I'm under the impression that many designers/architects stay away from the second approach because of a number of hidden issues, for example data migration between schema revisions, reduced control over designing and tuning SQL queries. What are the real issues?

+1  A: 

For me usually the real issue is this statement:

"This question is asked in relation to non-trivial systems that comprise hundred's of database tables."

Unnecessary complexity added. This happens regardless of what you the approaches you mentioned, but that's usually the main part of the Real issues.

Do note that if you have a "system that comprise hundren's of database tables", you shouldn't be talking about a Single system/context, but rather a set of applications/contexts. Regardless if at the end you end up putting then in the same DB, complexity is tackled by not modeling it like one Huge thing that's all into a single Huge DB. Bounded context is the buzzword for that nowadays.

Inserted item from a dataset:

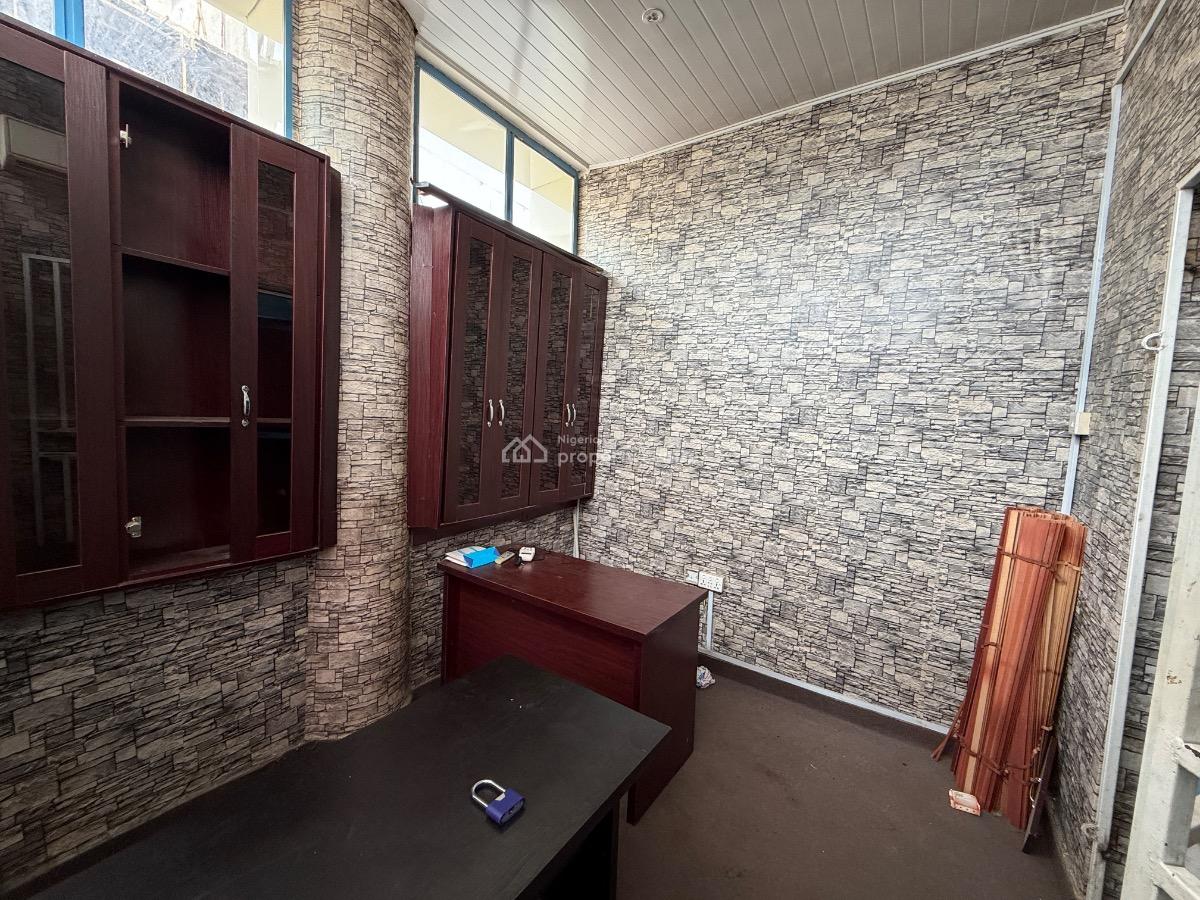 Office Space on The First Floor in a Prime Location, Wuse 2, Abuja, Office Space for Rent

Starting from the POCO's doesn't mean later on you can't extend / tune where necessary. That's another Real issue, premature optimization.

eglasius
Oh please the riduculous premature optimization thing again. Database design requires thought into optimization before building as databases are far harder to refactor than application code. Code that will be less performant (by using something known to usually be less performant) should be avoided from the start. Performance is critical to databases not an afterthought and design time is when it must be considered if you want a database that will perform well. Premature optimization is meant to avoid looking for that little bit, not to avoid thinking about optimization in the design.
HLGEM
@HLGEM ok, I challenge you, where did I say that there must be no design of the system? that you shouldn't consider performance when designing/coding your system? that you shouldn't build reasonable code for the given scenario? ... it Is premature optimization when you are needing plenty of extra DB features to fine tune it, when you are better off addressing that code/design you are referring to i.e. the one that will make a several X differences in performances and not just some 10-30%. And y, I understand that for a system with 100+ million people login everyday its different ...
eglasius
Seems to make sense, something that a teacher told me on college on the first day of a programming class in year 1999 “divide and conquer”, simple statement easy to apply and hard to visualize but with experience. Of course all this, in the context of a good design and architecture.